By Michael Hurley, CBS Boston
BOSTON (CBS) — The departure of Don Orsillo from NESN’s Red Sox broadcasts last year created a truly unique, perhaps unprecedented movement. Fans who had grown to know and appreciate the familiar voice of Orsillo calling every Red Sox game did not take kindly to the news that NESN was removing the play-by-play man, and those fans fought back in ways the ownership group likely did not expect.
From #SaveOrsillo hashtags, to standing ovations at Fenway, to Orsillo masks, to controversy over alleged confiscation of said Orsillo masks, to petitions to reverse the decision, to backlash against chairman Tom Werner and executives at NESN, it was all probably a bit more resistance than the decision-makers anticipated.
And now, nearly a year after the news broke, Orsillo is still left wondering why he lost his dream job.
“No, there really hasn’t been, to be honest with you,” Orsillo told CSNNE’s Sean McAdam on Tuesday when asked if there had been any contact at all from the Red Sox since the decision was made. “Unfortunately, I never really got an answer as to why it took place.”
Orsillo told McAdam that the only explanation he ever got came secondhand, via Steve Buckley’s Boston Herald column on Aug. 29, 2015. In that column, Werner spoke of “reenergizing” the broadcast and the upgrade opportunity that presented itself by bringing aboard Dave O’Brien.
“I read some things that they said, namely Steve Buckley in the Boston Herald. I read about energy, I read about upgrade, and things like that, that honestly kind of hurt me. Because to be honest with you, those were a couple of things that I took a lot of pride in,” Orsillo told McAdam. “So that was really all I ever heard, and unfortunately I don’t know anything more than that. I do know the team finished last two out of three years, ratings were down, and perhaps that’s the way they looked at it, and looked for what they perceive to be an upgrade and or more energy. I don’t know.”

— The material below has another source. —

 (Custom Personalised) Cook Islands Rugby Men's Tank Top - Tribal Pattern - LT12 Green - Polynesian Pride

Considering that the news broke in the middle of the summer, one might think that Werner would have reached out to Orsillo during the tumultuous period that followed, while Orsillo was still on the job. That, however, was not the case.

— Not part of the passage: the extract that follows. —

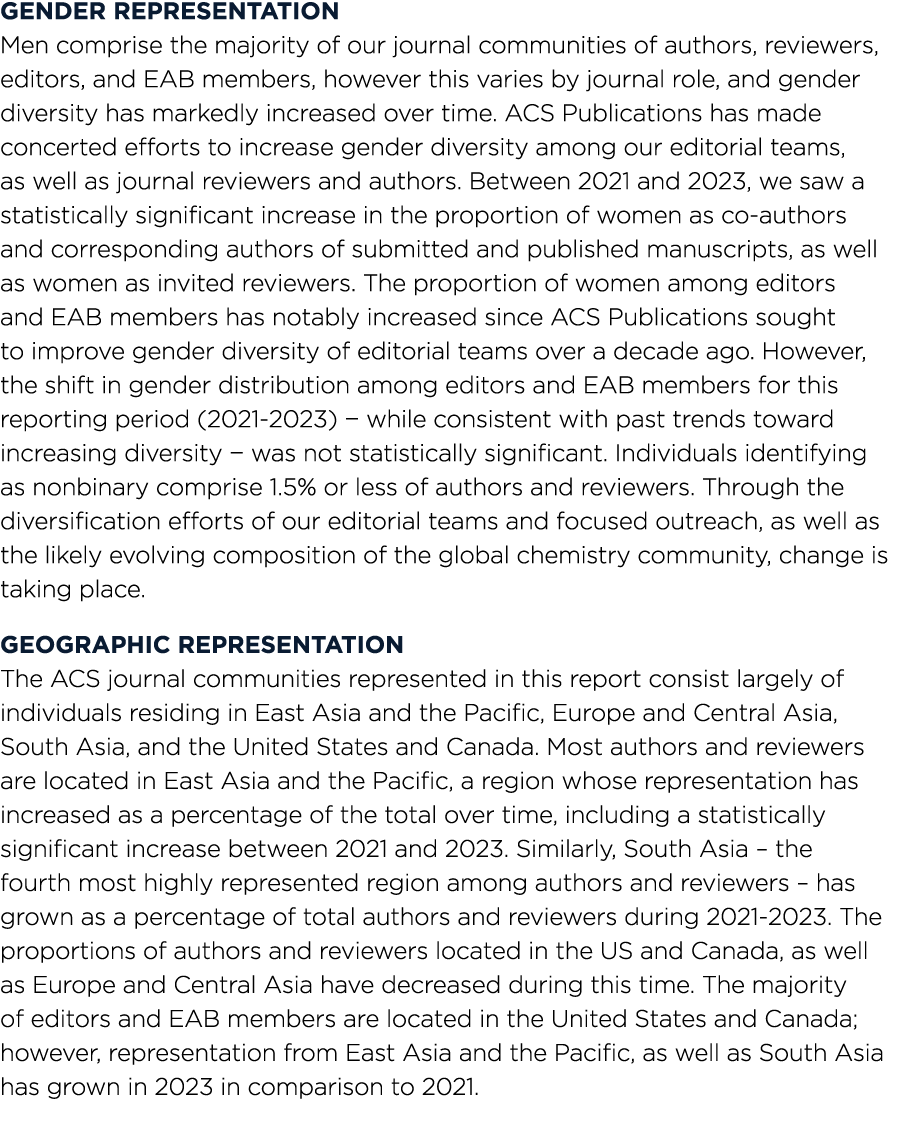 Gender Representation Men comprise the majority of our journal communities of authors, reviewers, editors, and EAB me...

“He never called me. He never talked to me,” Orsillo told Buckley on Tuesday in San Diego. “The last six weeks of the season, he never reached out to me, called me, talked to me, or told me why. I was only told what I read in your article. … And there was the press release. It said ‘thanks for your service’ on the last line, or something like that.”
Werner disputed this notion, telling Buckley that he sent a “very nice email” to Orsillo in late August, with the understanding that NESN president Sean McGrail would speak to Orsillo about the decision.
It’s a similar passing of the buck to what principal owner John Henry told reporters at spring training this year.
“The fans are still mad about [NESN getting rid of Don Orsillo]? Why did that happen? I think it’d be better to ask Tom Werner and Sean McGrail and people at NESN about that,” Henry said back in February. “I don’t want to get back into all of that again.”
Henry didn’t “want to get back into all of that again” in February, but the truth was, he had never gotten into it. He never publicly explained the decision, and from the sound of what Orsillo is saying, he never “got into it” privately either.
While every business is entitled to make decisions it believes is best, it’s fair to expect a reasonable level of discourse between an employer and an employee who has dutifully worked hard and excelled for 15 years. It’s clear that NESN and the Red Sox came up short in that responsibility.
Plus, whenever a decision that is so noticeable to the public gets made, typically there is someone at the forefront who accepts credit — good, bad and in between — for making it. Yet in this saga, nobody has been willing to wear it.
The situation has mostly worked out. Orsillo’s employed in San Diego, waiting to take full reins of the TV play-by-play job once Dick Enberg retires at the end of this year. Red Sox ratings are up, though that’s mostly due to the performance of the team on the field than the revolving door of booth inhabitants.
But the firing of Orsillo last season remains as messy as ever, serving as one unsightly blemish on an ownership group that seemingly made a change for change’s sake without properly weighing or caring about the consequences.